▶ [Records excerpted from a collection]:

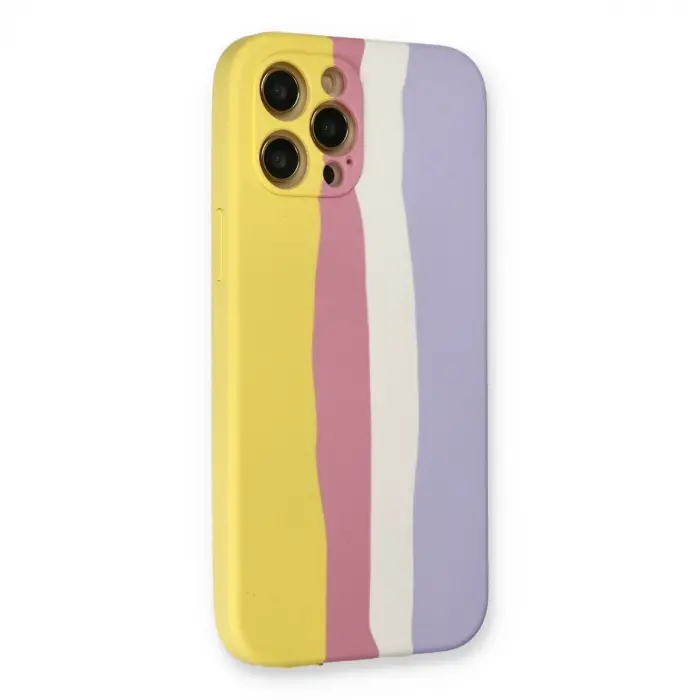 İphone 12 Pro Max Kılıf Ebruli Lansman Silikon - Sarı-mavi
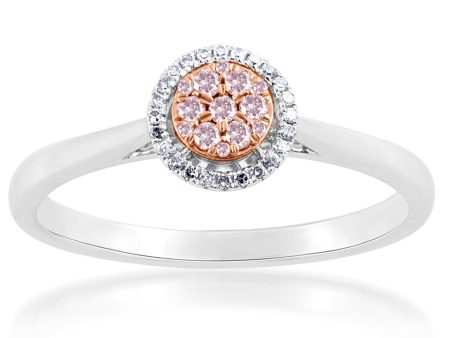 9ct  White and Rose Gold 0.15 Carat Diamond Ring With Pink Argyle Diamonds For Sale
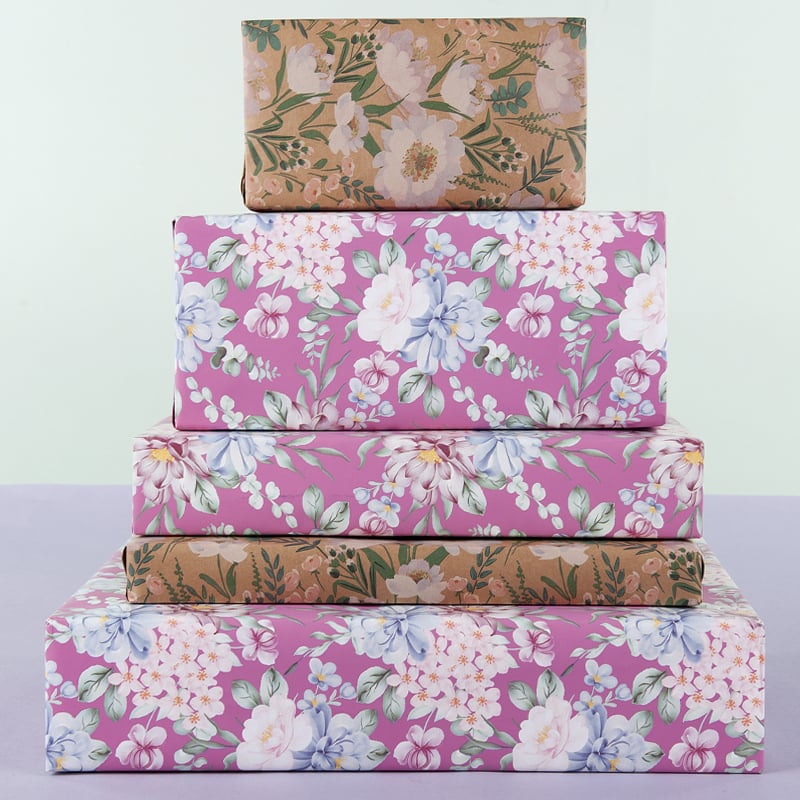 Gavepapir Watercolour Floral Mix - 4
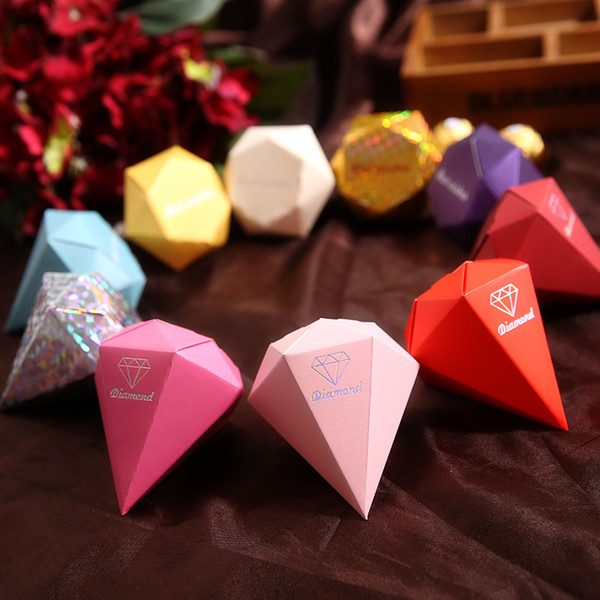 100pcs Diamond shaped Candy Box Gift Jewelry DIY Paper Boxes Wedding favors Gold Silver Red Purple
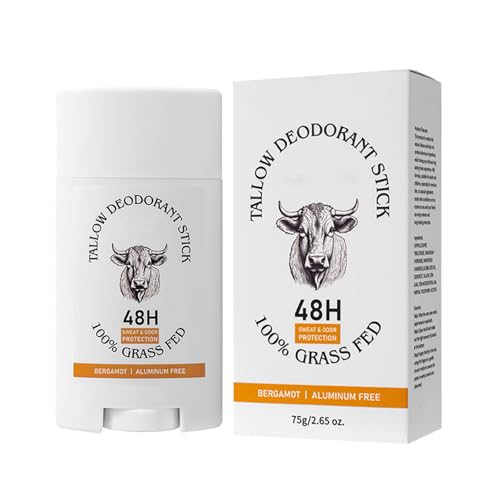 Tallow desodorante para hombres mujeres, desodorante de cuerpo entero libre de aluminio con rayo de carne de res alimentado con pasto, desodorantes antitranspirantes, 75 g (Bergamot)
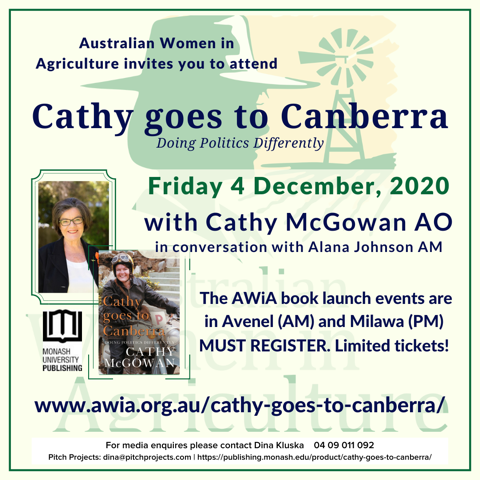 Tickets are still available for this Friday's Australian Women in Agriculture launch events of 'Cathy Goes to Canberra' in Avenel and Milawa! A great chance to hear @Indigocathy speak and get a signed copy of the book
#auspol #doingpoliticsdifferently #cathygoestocanberra #bebold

▶ [What is being asked]: Output the data exactly, pictures omitted.

▶ [Result]:
 İphone 12 Pro Max Kılıf Ebruli Lansman Silikon - Sarı-mavi
 9ct  White and Rose Gold 0.15 Carat Diamond Ring With Pink Argyle Diamonds For Sale
 Gavepapir Watercolour Floral Mix - 4
 100pcs Diamond shaped Candy Box Gift Jewelry DIY Paper Boxes Wedding favors Gold Silver Red Purple
 Tallow desodorante para hombres mujeres, desodorante de cuerpo entero libre de aluminio con rayo de carne de res alimentado con pasto, desodorantes antitranspirantes, 75 g (Bergamot)
 Tickets are still available for this Friday's Australian Women in Agriculture launch events of 'Cathy Goes to Canberra' in Avenel and Milawa! A great chance to hear @Indigocathy speak and get a signed copy of the book
#auspol #doingpoliticsdifferently #cathygoestocanberra #bebold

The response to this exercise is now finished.